Schumer to push for $500 million for 2026 NSGP funding, says Republicans are amenable
Senate Minority Leader: ‘We're witnessing — unfortunately, in real time — the resurgence of collective blame against the Jewish people’

Aaron Schwartz/NurPhoto via Getty Images
Senate Democratic Leader Chuck Schumer speaks to the media during a weekly press conference in the Capitol Building in Washington DC, on Tuesday, March 12, 2024.
Senate Minority Leader Chuck Schumer (D-NY) will announce on Monday that he is launching “an all-out push to shore up” $500 million in the fiscal year 2026 budget for the Nonprofit Security Grant Program in response to a spate of recent antisemitic terrorist attacks, he revealed to Jewish Insider in an interview on Thursday.
He said that key Senate Republicans have appeared amenable to that request and called the administration’s proposal for flat funding for the program a nonstarter.
“The attack in Colorado, the shooting in Washington, the arson in Pennsylvania [of Gov. Josh Shapiro’s home] have one thing in common: they have cited anti-Israel sentiment as a justification for their violence. In other words, they’ve used the actions of the Israeli government they don’t like to justify violence against Jewish Americans here at home,” Schumer said.
“We’re witnessing — unfortunately, in real time — the resurgence of collective blame against the Jewish people,” he continued. “Collective blame is traditionally one of the most nasty, dangerous forms of antisemitism, and so if we don’t confront it clearly, unequivocally together, we risk opening the door to even darker days.”
Schumer emphasized that criticism and peaceful protest of the Israeli government is not antisemitic, “but there’s a profound and dangerous difference between criticizing a government and condemning an entire people,” he continued.

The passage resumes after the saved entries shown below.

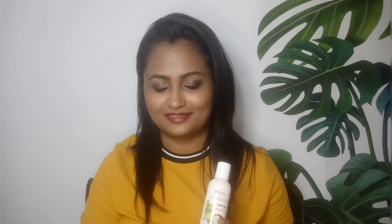I am going to show you the product of Oriflame. This is the product of Oriflame.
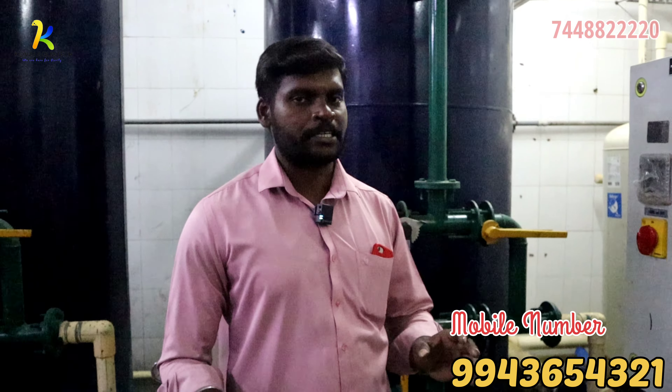This is a WTP plant. In the WTP plant, we have three filtration stages: sand filtration, carbon filtration, and then a softening plant. We will talk about these three filtration stages.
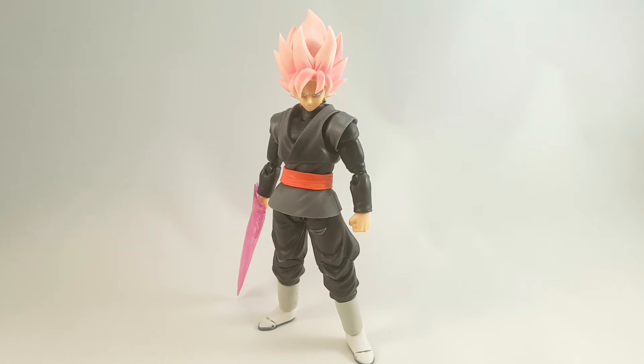Hey folks, Dino here again, this time taking a look at a much anticipated and much delayed figure — at least in my case — the Figuarts Goku Black.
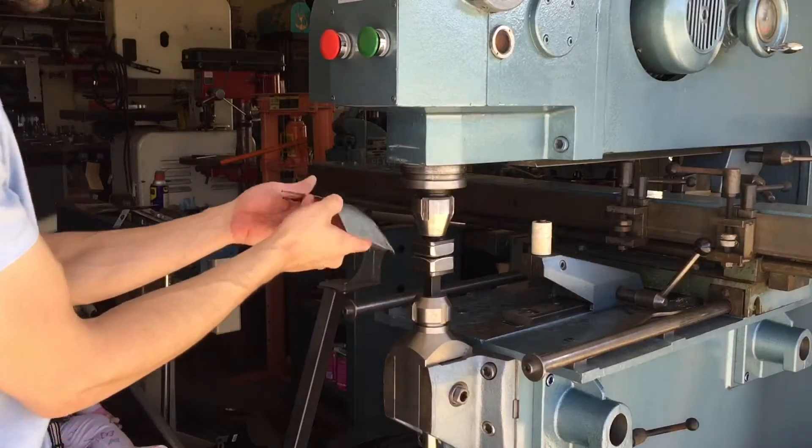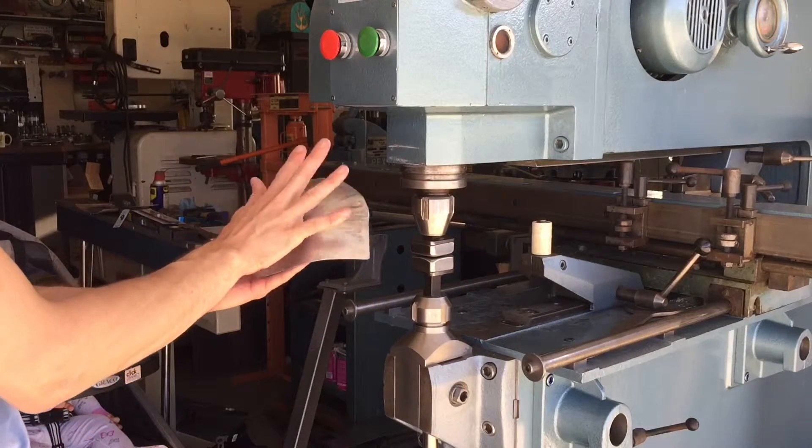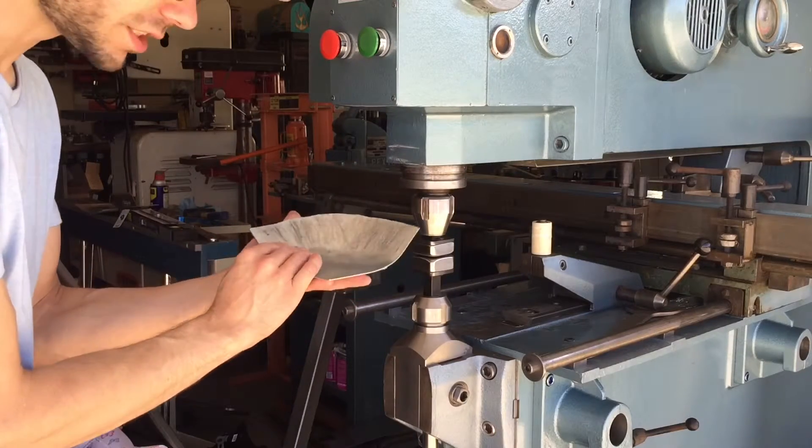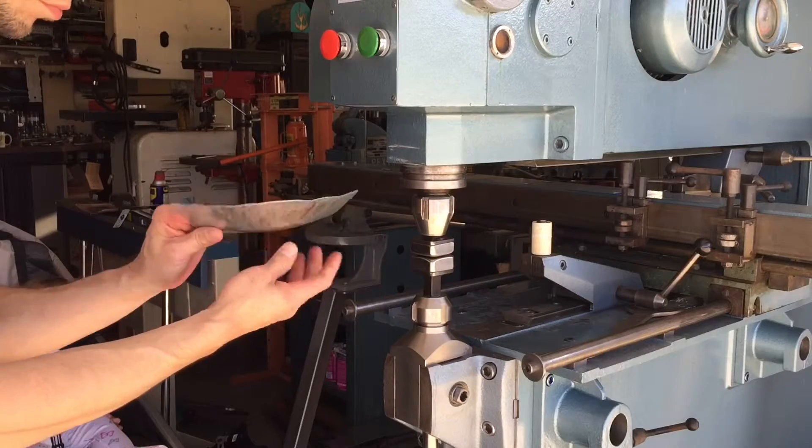Very nice. The top stayed flat — all we did was shrink all that over. By the way, this is 16 gauge galvanized steel. Very impressed.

He told JI that he had spoken to key Republicans about the funding level, and they seemed amenable. He argued that enhanced security provided through the grants could “stop a lot of these attacks.”
“We’ve had discussions with the members of the Appropriations Committee,” Schumer said. “They seemed open to it. The NSGP has always had bipartisan support, and our leading Republican has been Sen. [James] Lankford of Oklahoma.”

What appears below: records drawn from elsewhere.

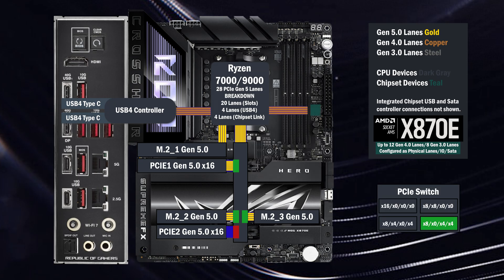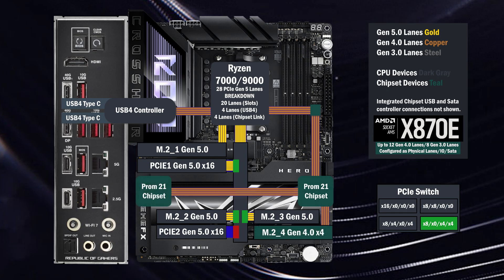The CPU connects to the chipset, connecting to a fourth M.2 with four lanes at Gen 4. Four lanes go to the second chip, connecting a fifth M.2 with four Gen 4 lanes.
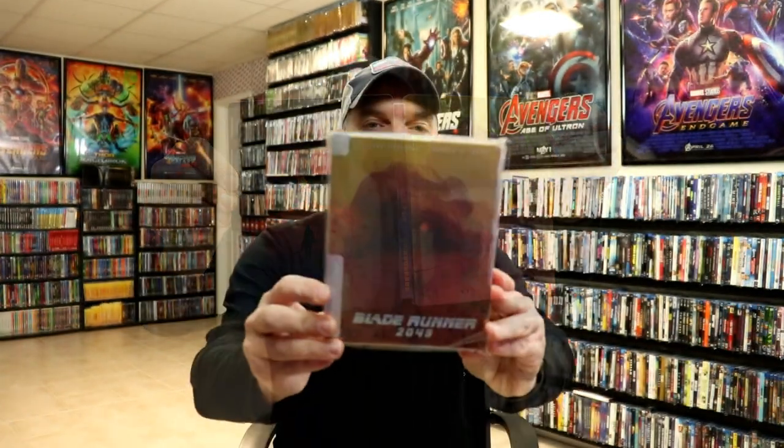I've gone ahead and placed this steelbook inside a protective bag. This bag will help keep the steelbook from getting scuffed up on the shelf against the other steelbooks. I do have an affiliate link down below where I purchase these bags off of Amazon, if you'd like to check that out.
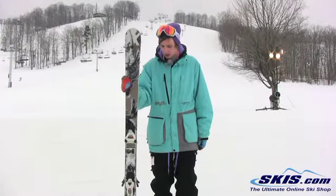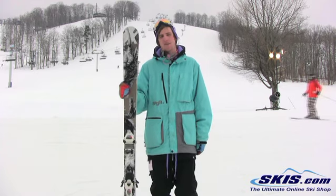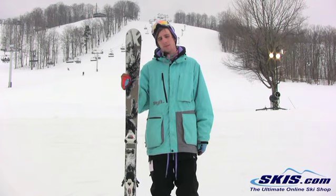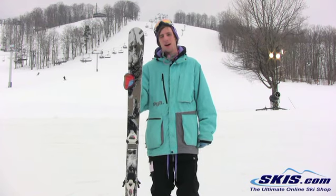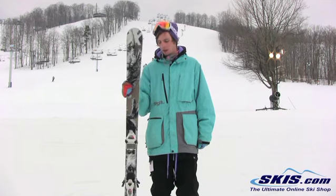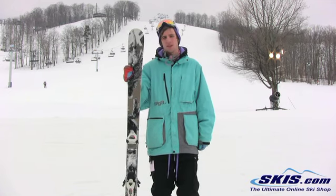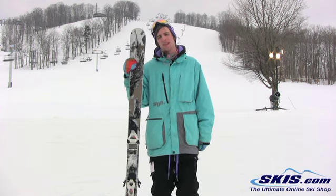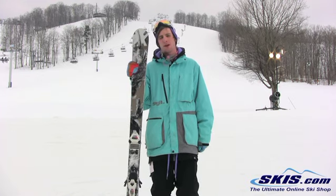Evan here. Just got off the Völkl Kendo. I give this ski a 5 out of 5. It's going to be a good ski for that ex-racer who's looking for more of a GS kind of style sidecut. So it's going to be nice wide turns. It still has a little bit of tip rocker this year, so a little bit easier to initiate in the turn, and works a little bit better through that crud.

Lankford was the lead Republican on a recent bipartisan Senate letter requesting $500 million in funding. Thirty-two other senators, including one other Republican, also signed that request.
A Schumer spokesperson told JI that the Democratic leader believes $500 million should be attainable under the current administration. Schumer had initially pushed for an additional $1 billion for the program in the immediate aftermath of the Oct. 7, 2023, Hamas attacks on Israel.
The administration’s flat funding request for $274.5 million, which Schumer called “unacceptable” in the interview, would amount to an effective funding cut, given that funding was supplemented in 2024 by $180 million provided through the national security supplemental bill, the senator argued. An additional $220 million in supplemental funds remain in limbo — institutions applied last year, but have not yet been notified if their applications were accepted, — on top of the $274.5 million that will be available through regular appropriations this year.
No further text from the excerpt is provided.